Stored dataset items
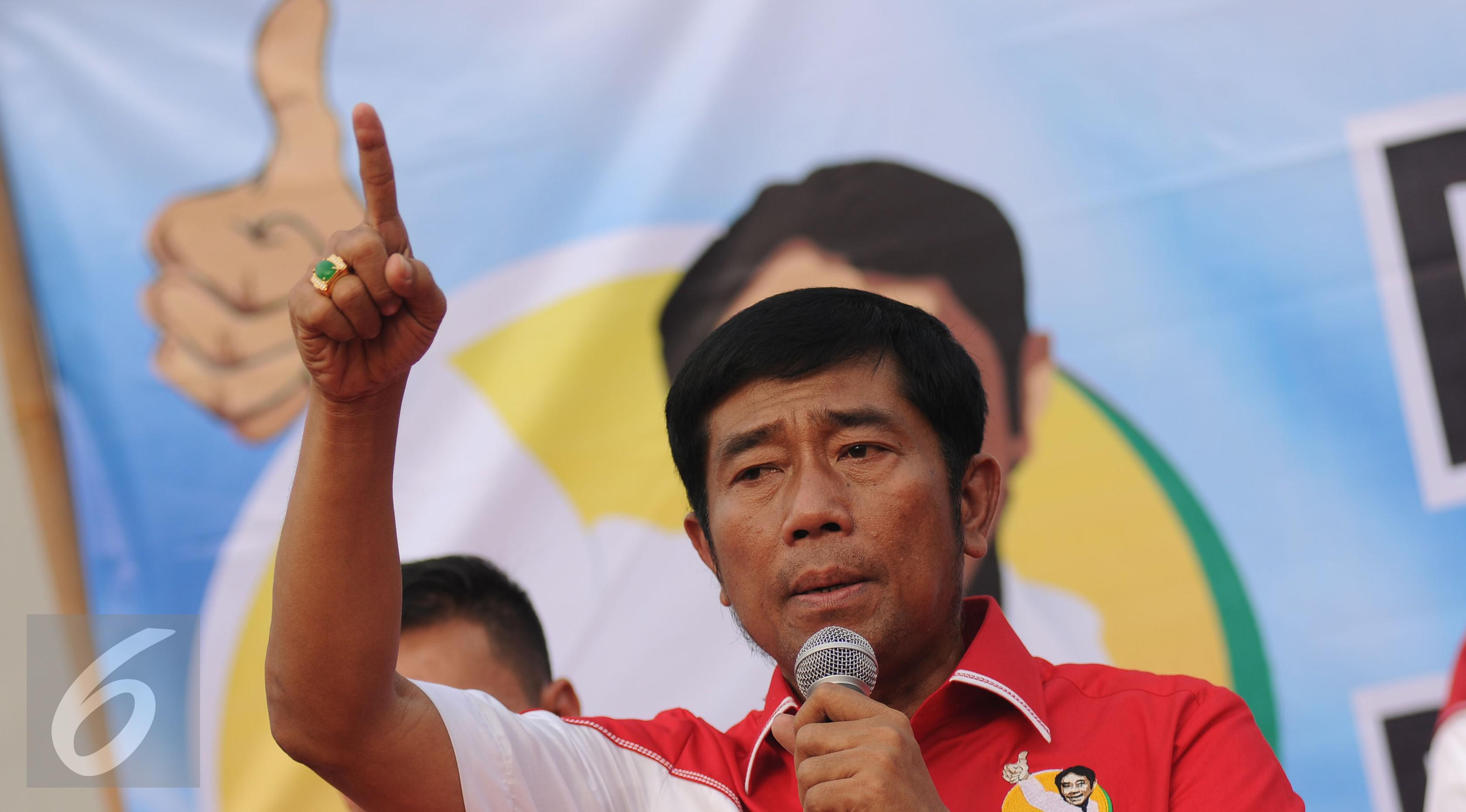 Haji Lulung akan memotong kupingnya jika Ahok berani maju dalam Pilkada DKI melalui jalur independen.(Liputan6.com/Helmi Fithriansyah)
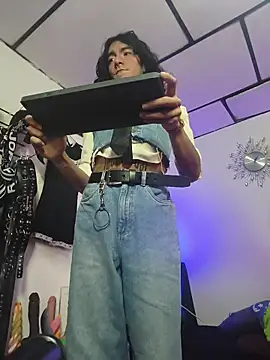 mal x online show from April 18, 5:32 am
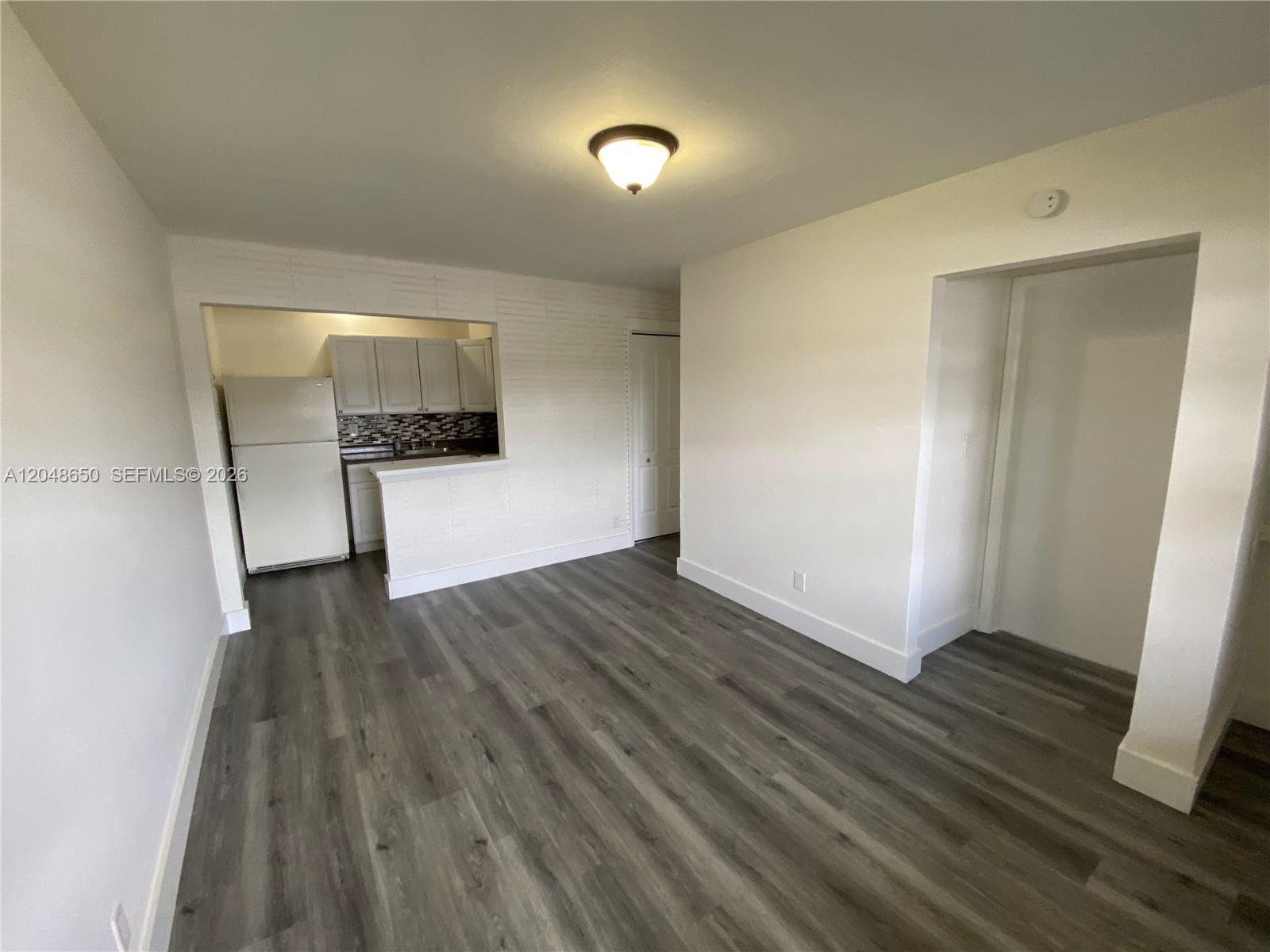 380 SE 12th Ave # 2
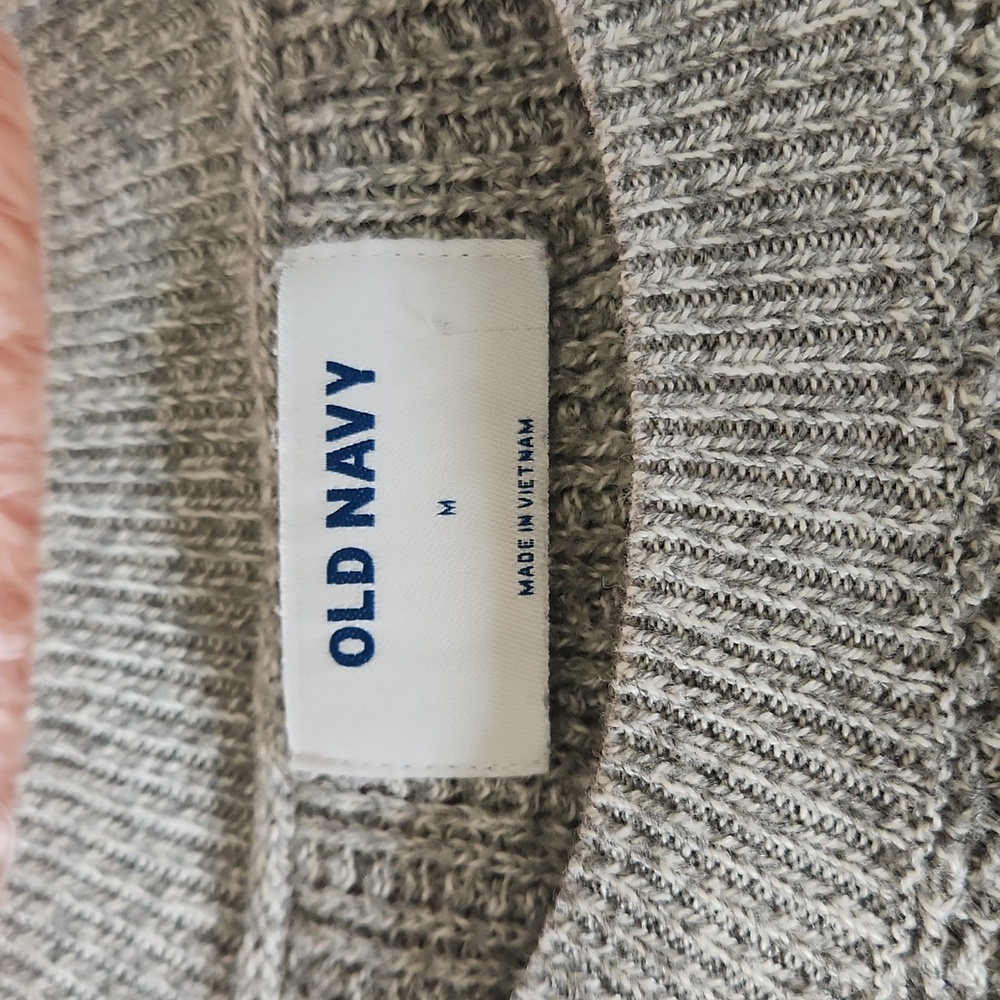Old Navy Women's Gray Sweater - Picture 2 of 3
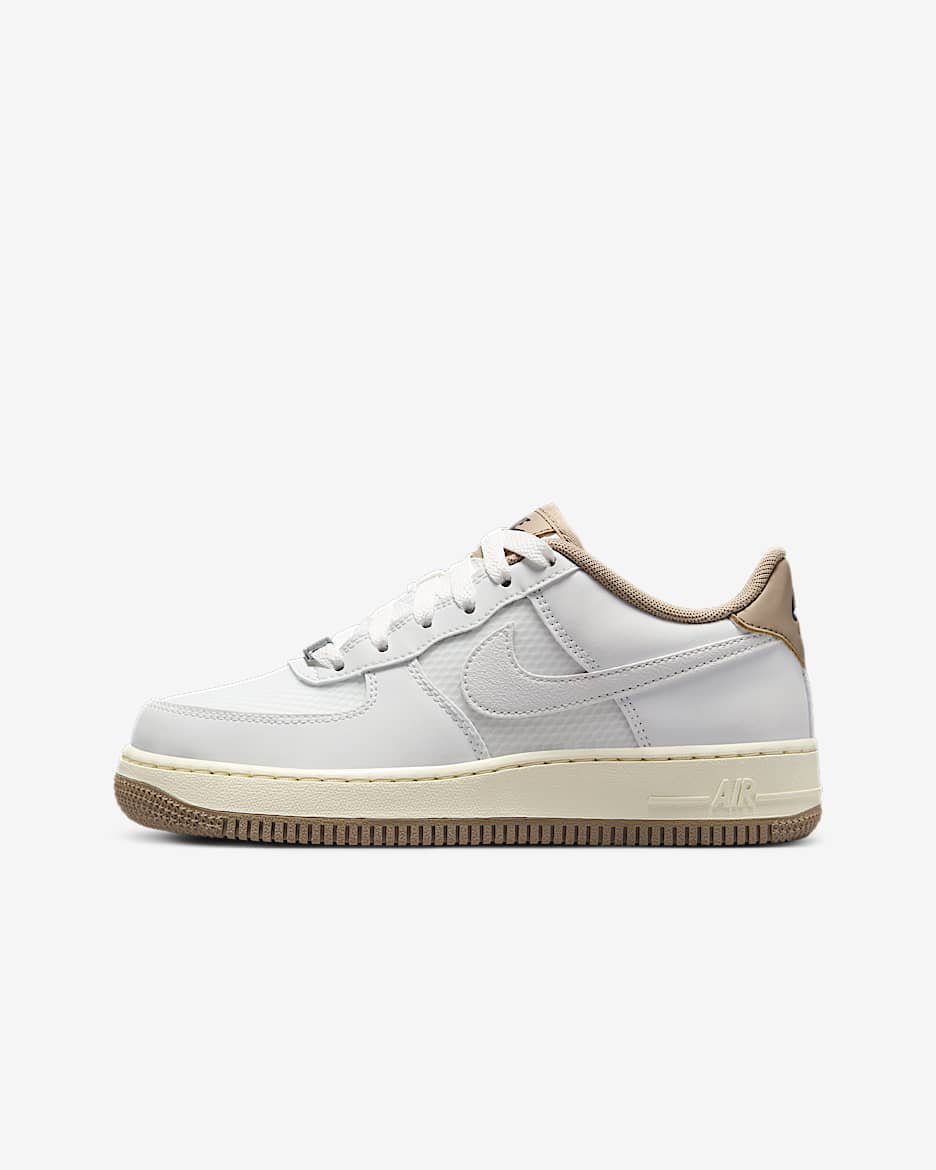 ☆大人気☆Nike Air Force 1 '07 LV8 Light Khaki/White Nike Air Force 1 LV8 Older Kids' Shoes. Nike ID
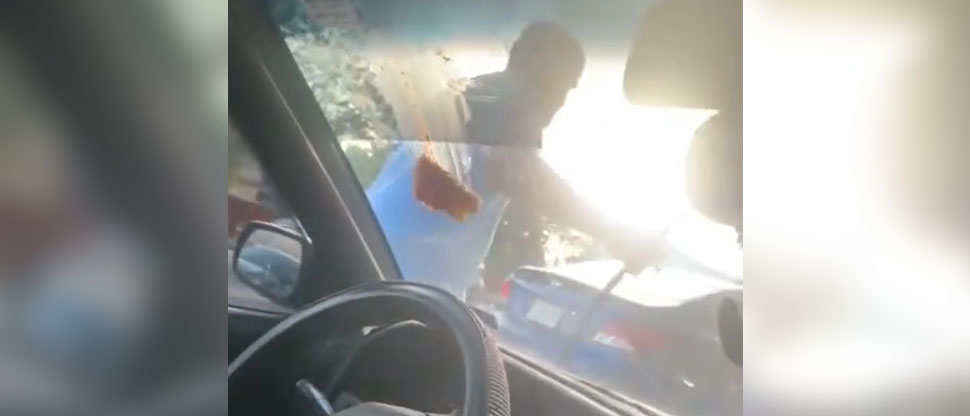 Denuncian a conductor que agredió con un pedazo de pizza a otro automovilista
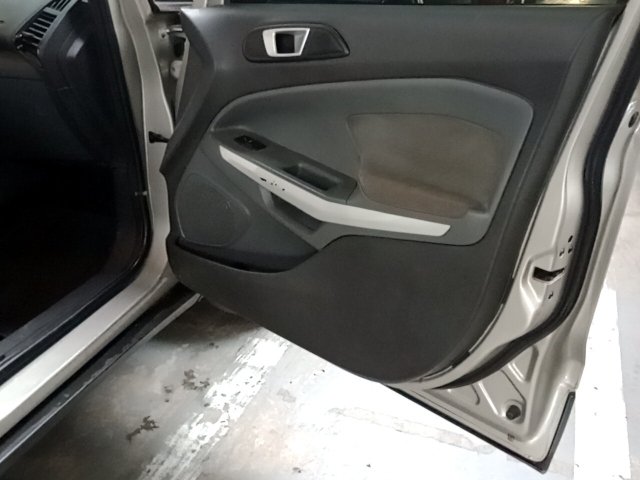 Vehicle_photo_9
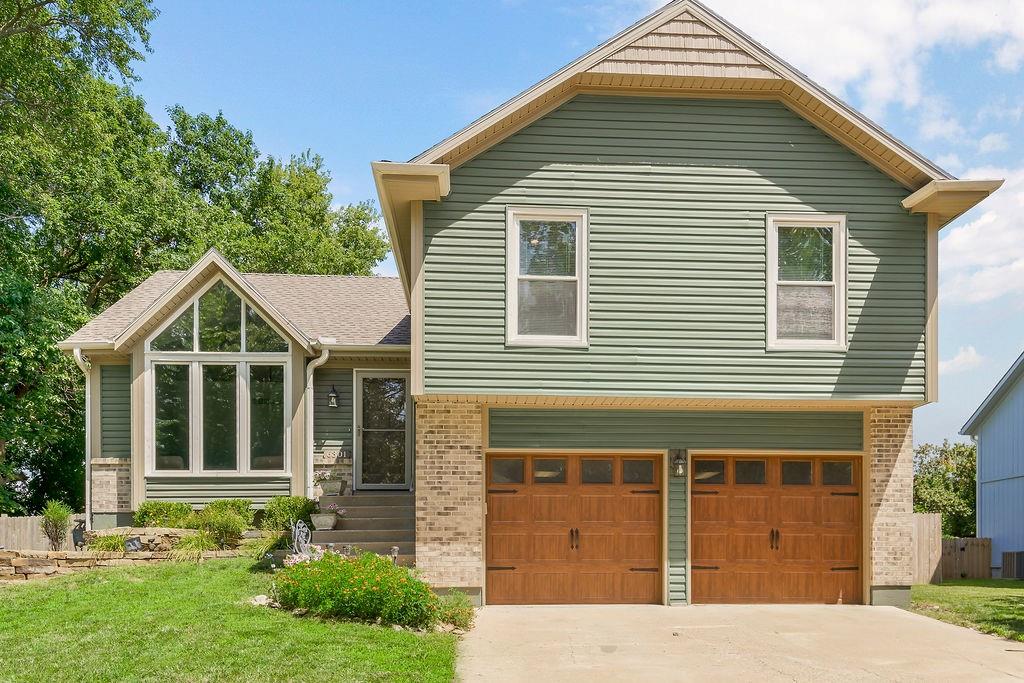 Listing Photo MLS #HMS2566561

**WHAT THE EXERCISE ASKS**
When you copy the entries above, keep every word exactly and omit the images.

**TASK RESPONSE**
 Haji Lulung akan memotong kupingnya jika Ahok berani maju dalam Pilkada DKI melalui jalur independen.(Liputan6.com/Helmi Fithriansyah)
 mal x online show from April 18, 5:32 am
 380 SE 12th Ave # 2
Old Navy Women's Gray Sweater - Picture 2 of 3
 ☆大人気☆Nike Air Force 1 '07 LV8 Light Khaki/White Nike Air Force 1 LV8 Older Kids' Shoes. Nike ID
 Denuncian a conductor que agredió con un pedazo de pizza a otro automovilista
 Vehicle_photo_9
 Listing Photo MLS #HMS2566561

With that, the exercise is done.